Dan Thompson, Xi Chen, Alvaro Romero, Mahah Sadique, Guangbin Yu and Marie Dujardin
In our final group project for the Data Visualization course, we aim to explore, analyze, and tell a compelling story using various datasets related to COVID-19 in South Korea. Our goal is to create an original and informative project that sheds light on the pandemic's impact in the region.
Some research questions that we will address are for example:
-
How did government policies impact the spread and control of COVID-19 in South Korea? We aim to visualize policy changes over time and correlate them with infection rates.
-
What were the major infection sources and clusters, and how did they contribute to the pandemic's spread?
-
What was the public's awareness and interest in COVID-19 during different phases of the pandemic? We will create a keyword trend analysis to understand the public sentiment.
-
How did demographic factors like age and gender influence the pandemic's impact? We will analyze patient data to answer this question.
-
What was the mobility pattern of the population, and how did it correlate with infection rates? We will visualize floating population data alongside infection statistics.

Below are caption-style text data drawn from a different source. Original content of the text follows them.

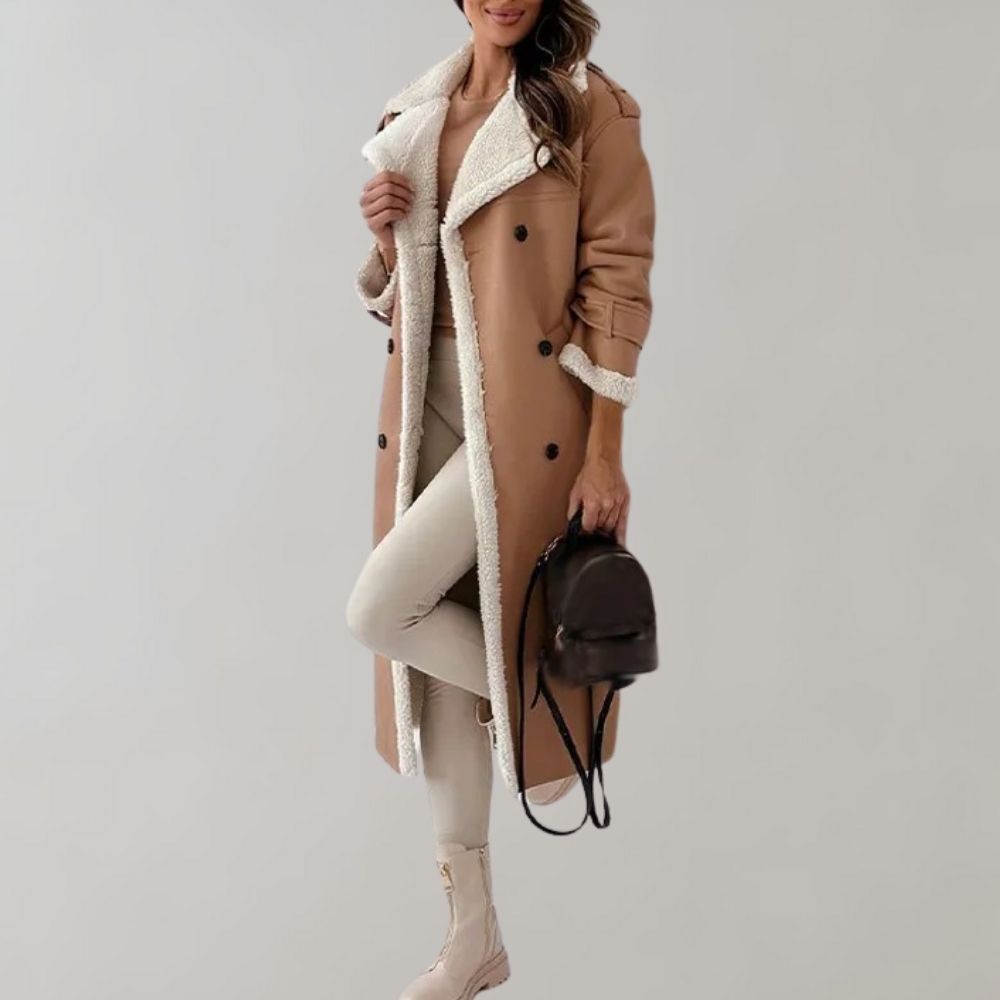 Aliams | Einreihiger Wintermantel Aus Weichem Leder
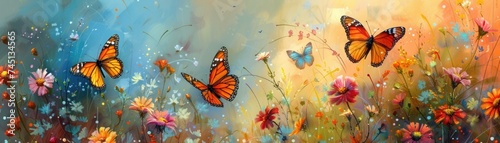 nature's canvas, butterflies flutter gracefully among the blossoms, their delicate wings a mesmerizing spectacle against the backdrop of a summer meadow photo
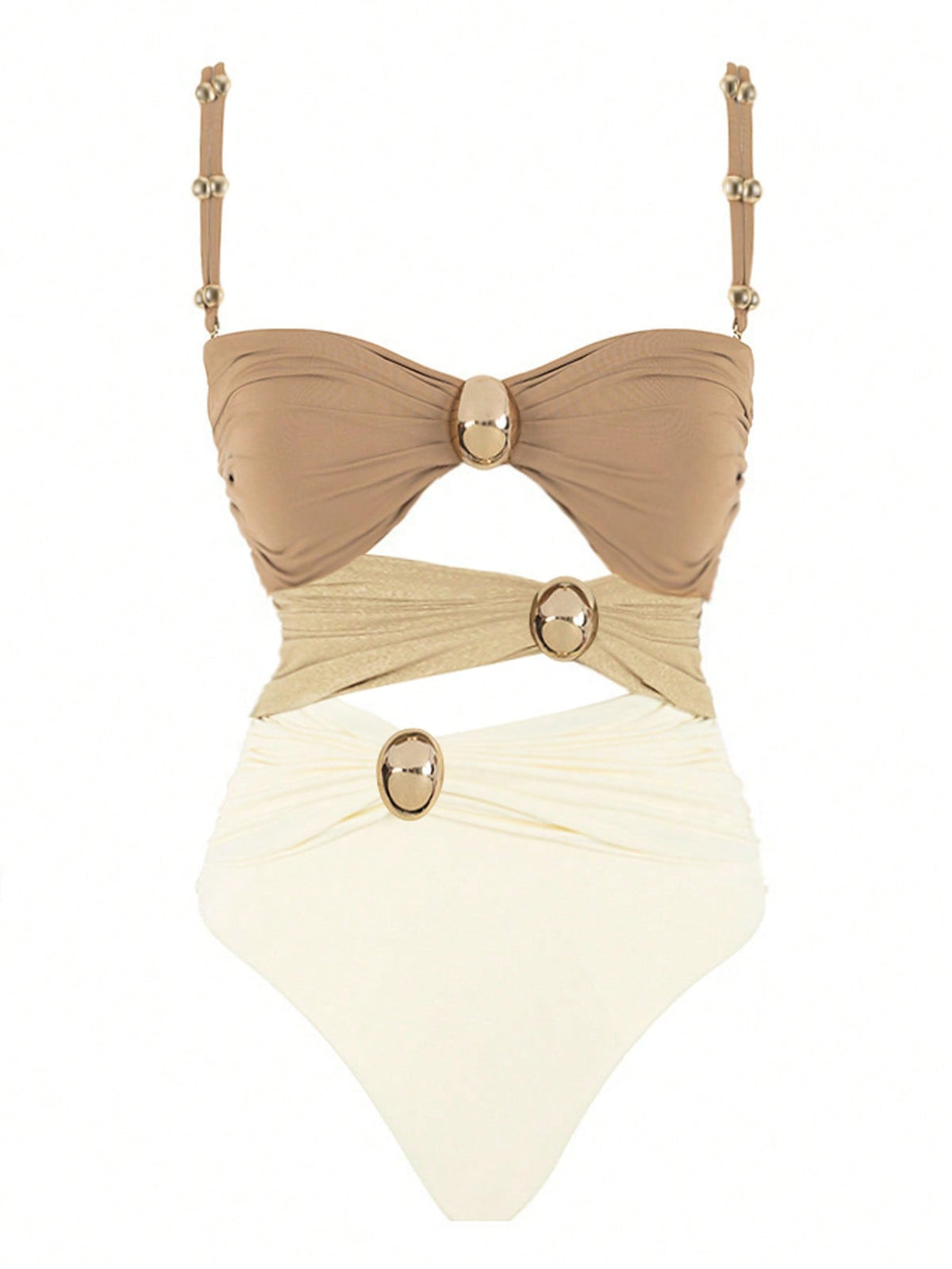 Bikinx Hollow Out Round Buckle Decor Three Color Sexy Monokini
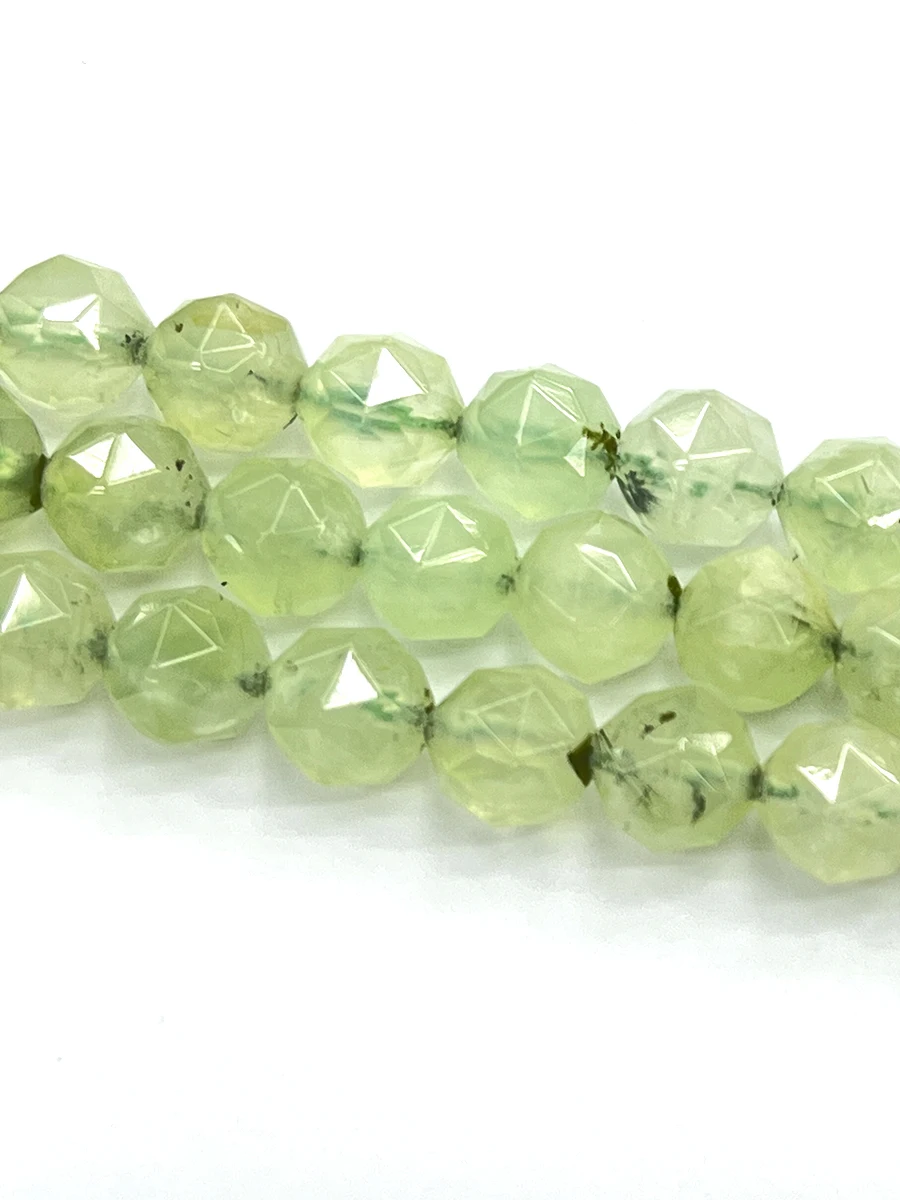 Natural Faceted Green Prehnite Round Gemstone Loose Beads 15.5
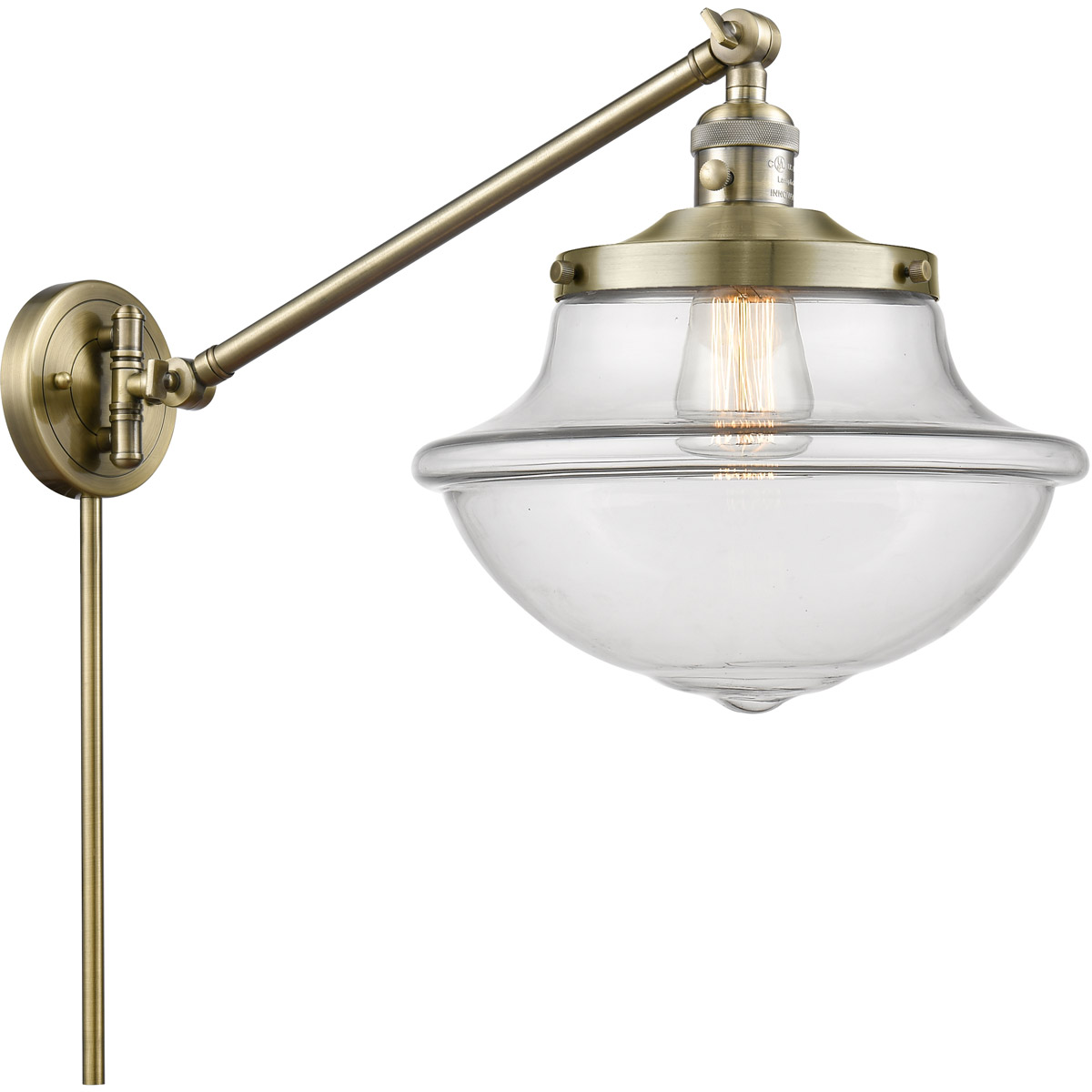Large Oxford 20 inch 60.00 watt Antique Brass Swing Arm Wall Light, Franklin Restoration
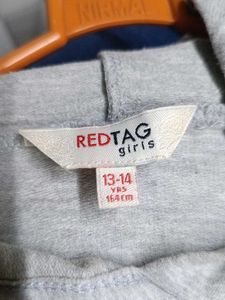 Gray hooded dress with color block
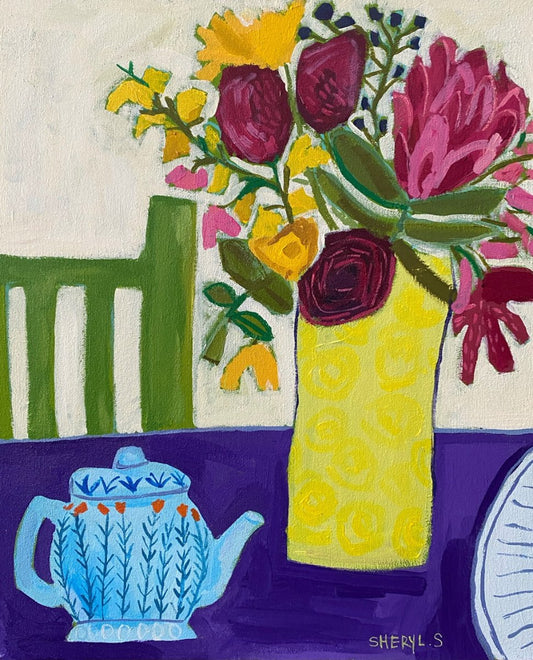 Original Art / Afternoon Tea with Protea Flower / Canvas  Acrylic Wall Art / Green Chair / Yellow Vase / Deep Red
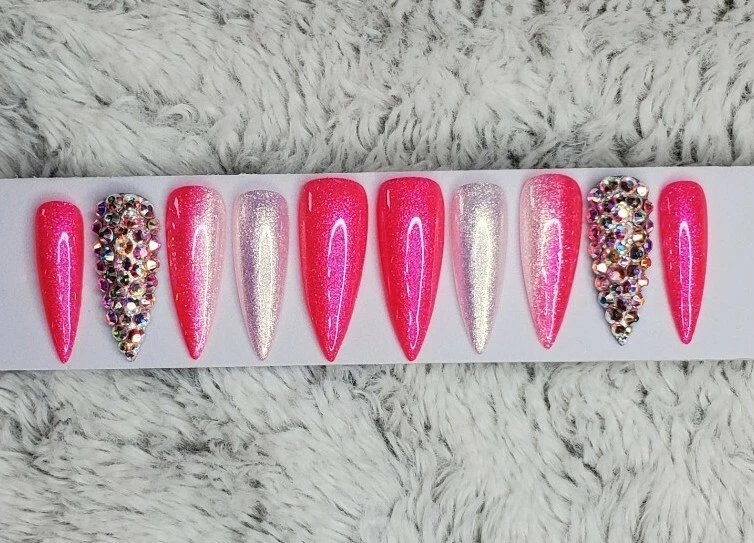 Pink Glitter  Long Solid Pink Glitter Nails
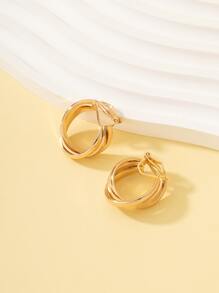 Minimalist Clip On Earrings - Yellow Gold - View 3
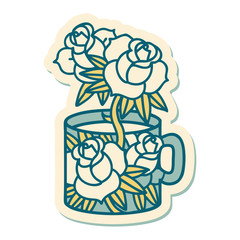 tattoo style sticker of a cup and flowers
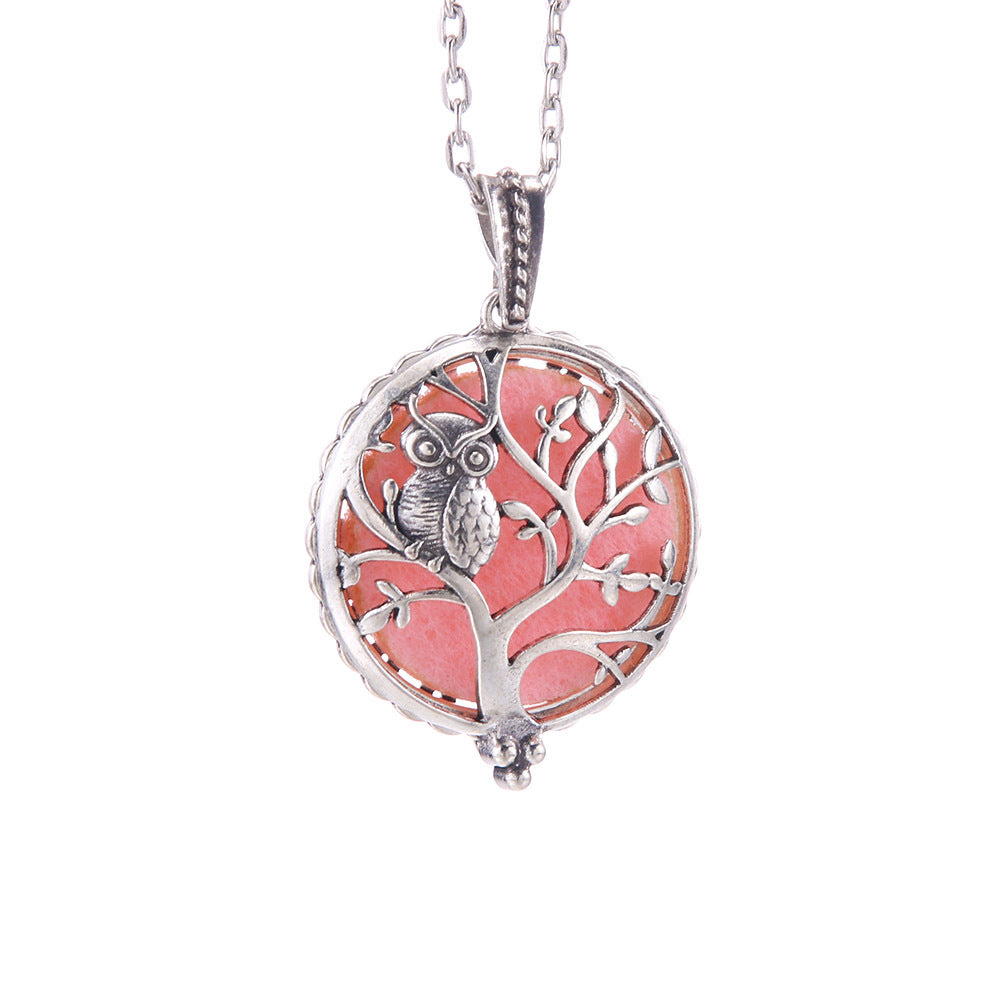Hollow Lucky Tree Round Alloy Medal Charm Necklace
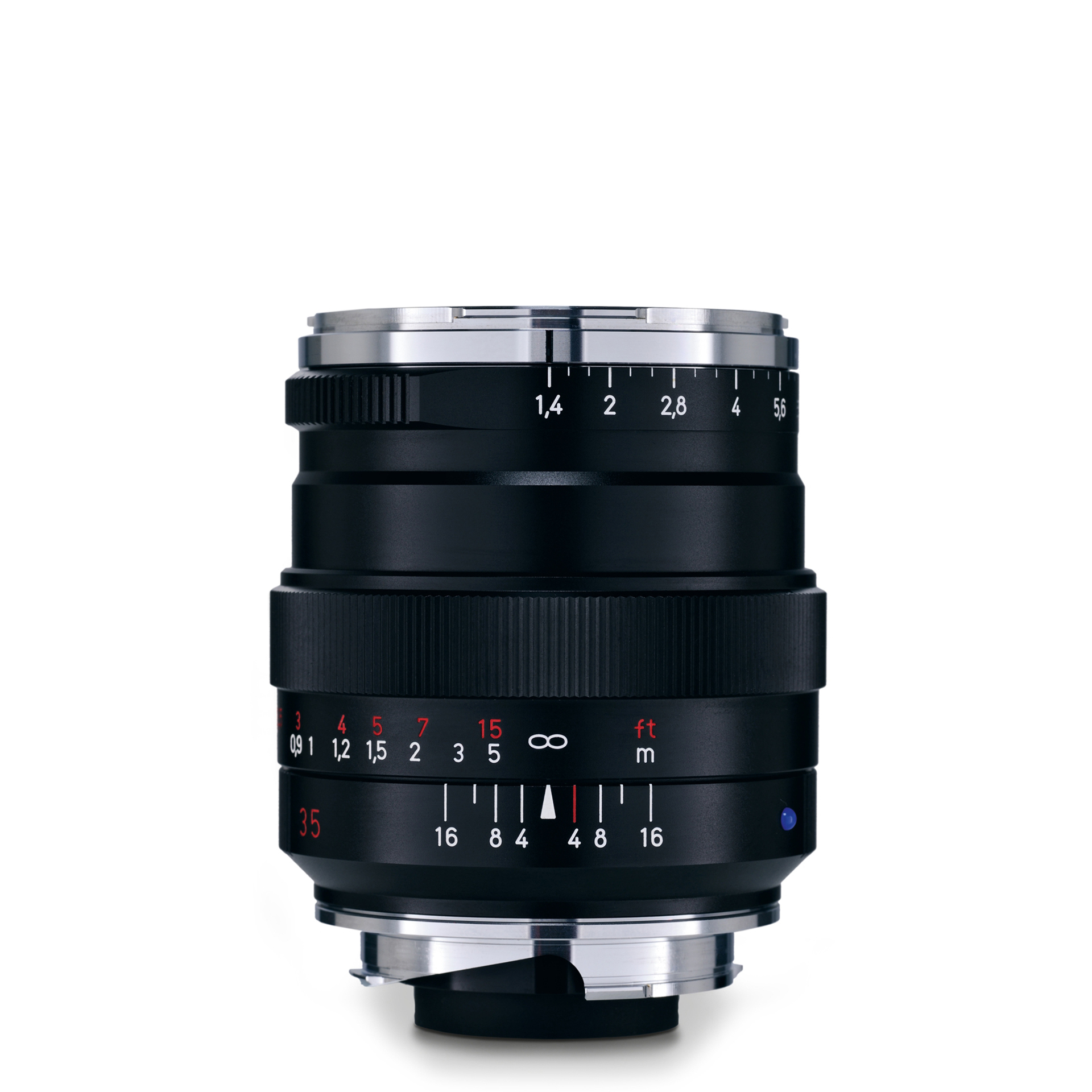 Close-up view of a ZEISS camera lens with aperture and distance markings on a white background.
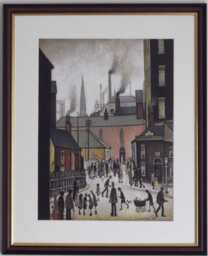L.s. Lowry Art Print - After The Wedding Walnut Finish Frame With Mount & Textured Image - thumbnail 1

We plan to leverage the datasets available at https://www.kaggle.com/datasets/kimjihoo/coronavirusdataset for this purpose. There are 11 datasets available that we plan on using.
In addition to data visualization techniques, our project will involve preprocessing steps, including merging the different datasets. This integration will enable us to explore relationships between variables effectively.
Furthermore, we plan to employ regression analysis, for example to explain the factors influencing the incidence of COVID-19 in each region. We can do this by using the dataset "COVID-19 Infection Cases Data", which has information about the infection cases in South Korea, including the province and city. We will merge this dataset with the "Location and Statistical Data" , which has information on educational institutions, elderly population ratios, nursing home counts, and more. Using statistical regression models, we will gain a deeper understanding of the pandemic's impact on various regions in South Korea.